From the listing below, output the lines between the one with "Cute Cat Sundae" and the one with "美式復古 翻領貼袋設計 春秋季通勤休閒", including those two, and nothing else. Pictures are not copied.

DATA TO EXAMINE:
※
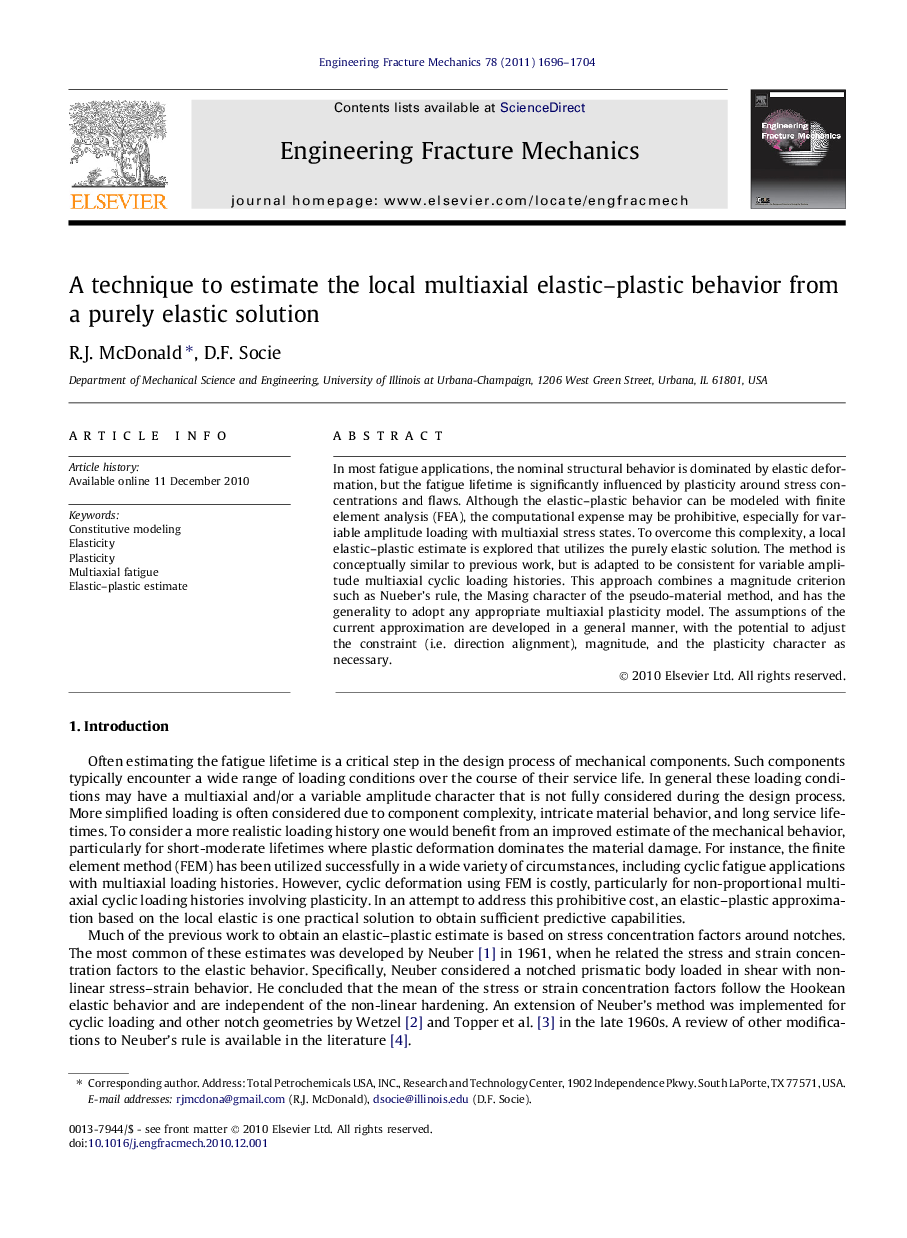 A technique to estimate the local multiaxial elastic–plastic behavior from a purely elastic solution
※
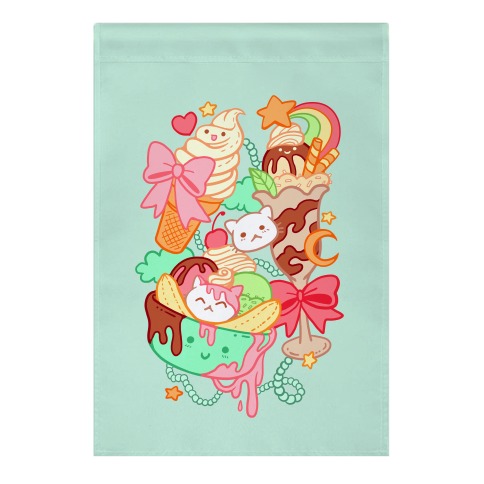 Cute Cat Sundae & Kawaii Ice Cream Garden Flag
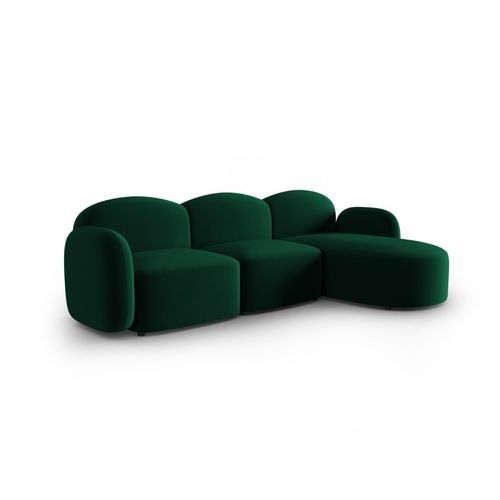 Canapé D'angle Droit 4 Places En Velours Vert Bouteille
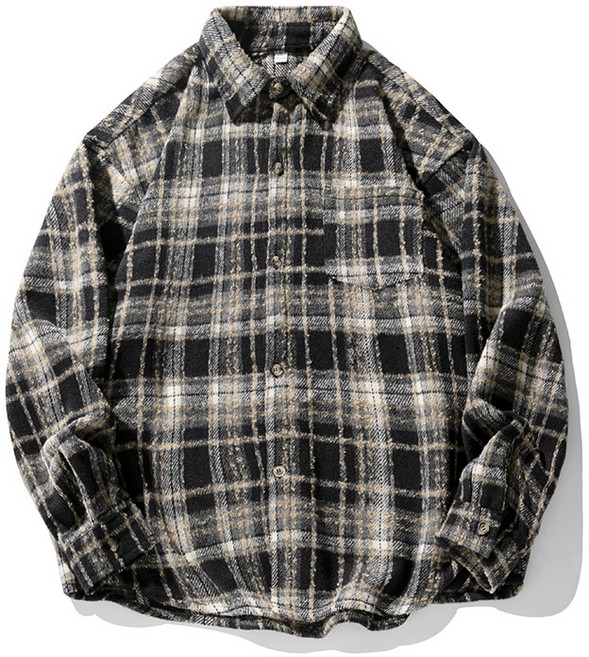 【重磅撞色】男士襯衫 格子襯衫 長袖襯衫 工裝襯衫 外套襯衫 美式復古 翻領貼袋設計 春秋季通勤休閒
※
YOUR RESPONSE:
 Cute Cat Sundae & Kawaii Ice Cream Garden Flag
 Canapé D'angle Droit 4 Places En Velours Vert Bouteille
 【重磅撞色】男士襯衫 格子襯衫 長袖襯衫 工裝襯衫 外套襯衫 美式復古 翻領貼袋設計 春秋季通勤休閒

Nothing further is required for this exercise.